• **TASK GOAL**
Restate the listing below word for word. No picture belongs in the result.

***

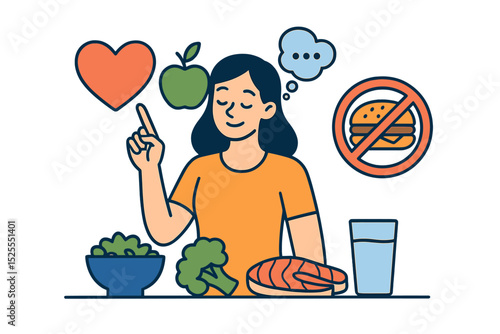 The girl prioritizes her well-being by choosing her favorite food, illustrating a mindful approach to eating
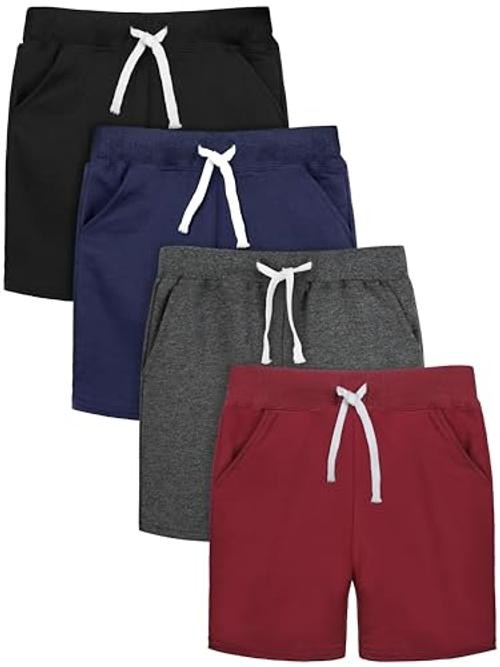 4 Pack Toddler Boy Shorts Boys Cotton 5T Black, Navy, Burgundy, Dark Gray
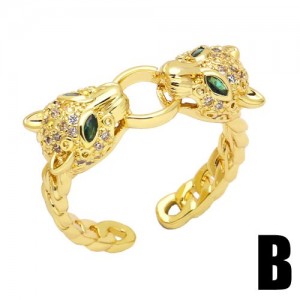 European Bold Fashion Cubic Zirconia Leopard Moulding Open-end Statement Ring - Design B
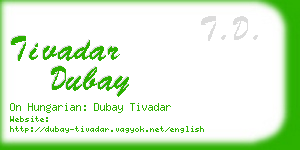 tivadar dubay business card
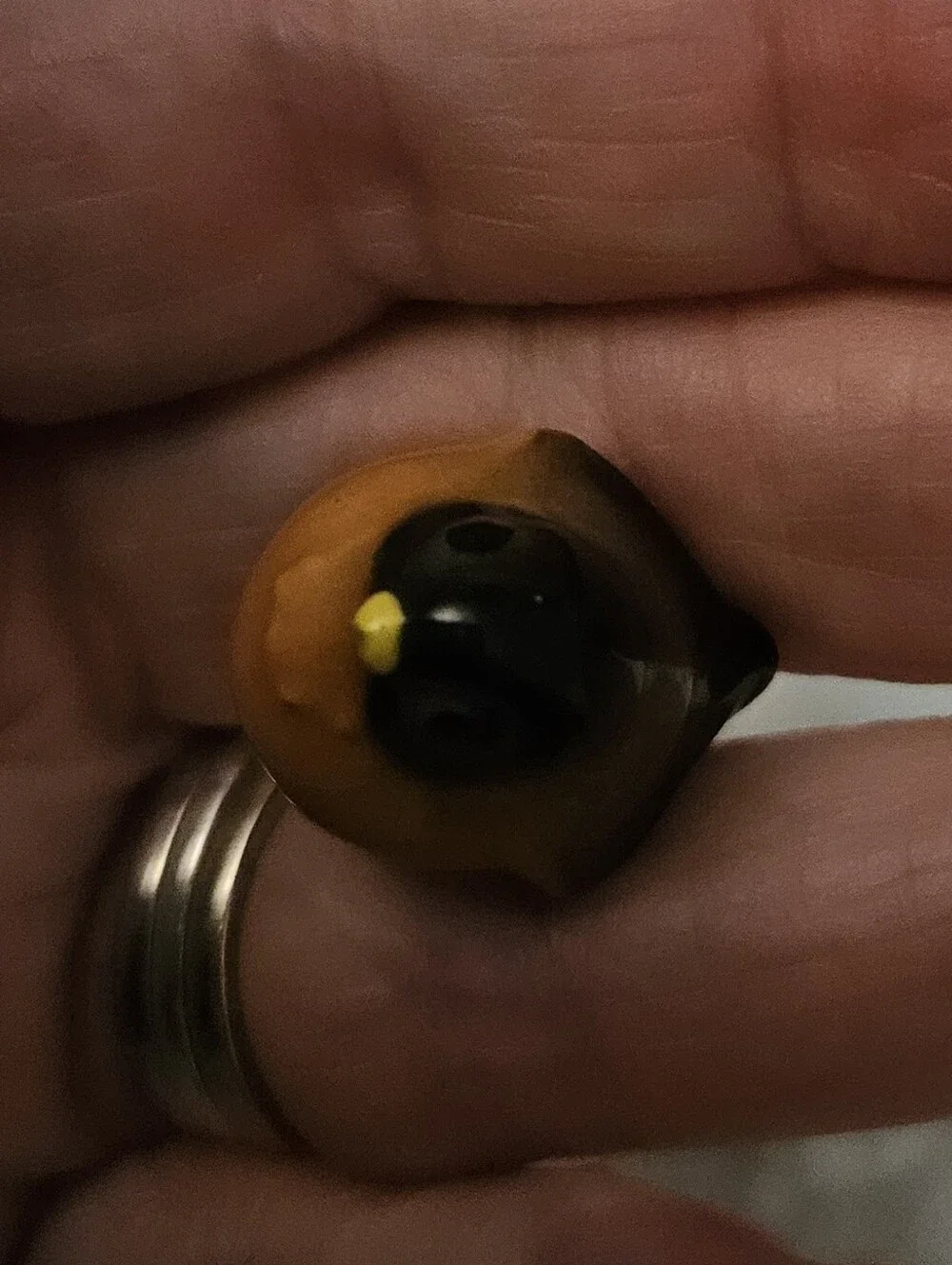 Robin Bird Figurine Hagen Renaker Orange and Black..baby Bird
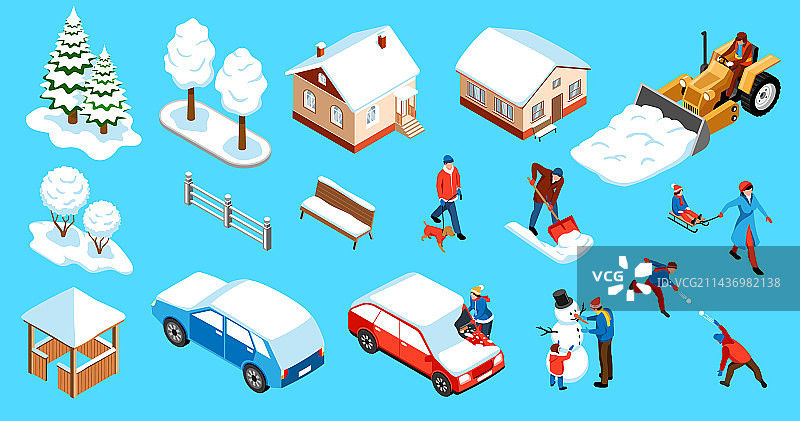 冬季城市2.5D模型图片素材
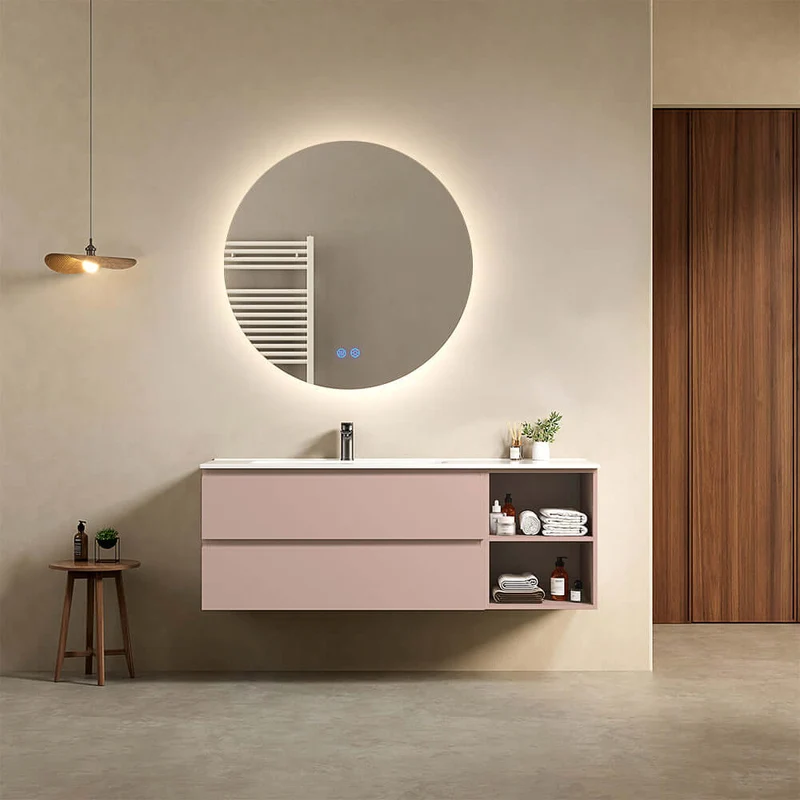 Mobile bagno sospeso 140 cm Rosa Retro Lavabo a Sinistra in Resina Specchio Tondo Retroilluminato - Fiji Paint Plus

***

• **WRITTEN REPLY**
 The girl prioritizes her well-being by choosing her favorite food, illustrating a mindful approach to eating
 4 Pack Toddler Boy Shorts Boys Cotton 5T Black, Navy, Burgundy, Dark Gray
 European Bold Fashion Cubic Zirconia Leopard Moulding Open-end Statement Ring - Design B
 tivadar dubay business card
 Robin Bird Figurine Hagen Renaker Orange and Black..baby Bird
 冬季城市2.5D模型图片素材
 Mobile bagno sospeso 140 cm Rosa Retro Lavabo a Sinistra in Resina Specchio Tondo Retroilluminato - Fiji Paint Plus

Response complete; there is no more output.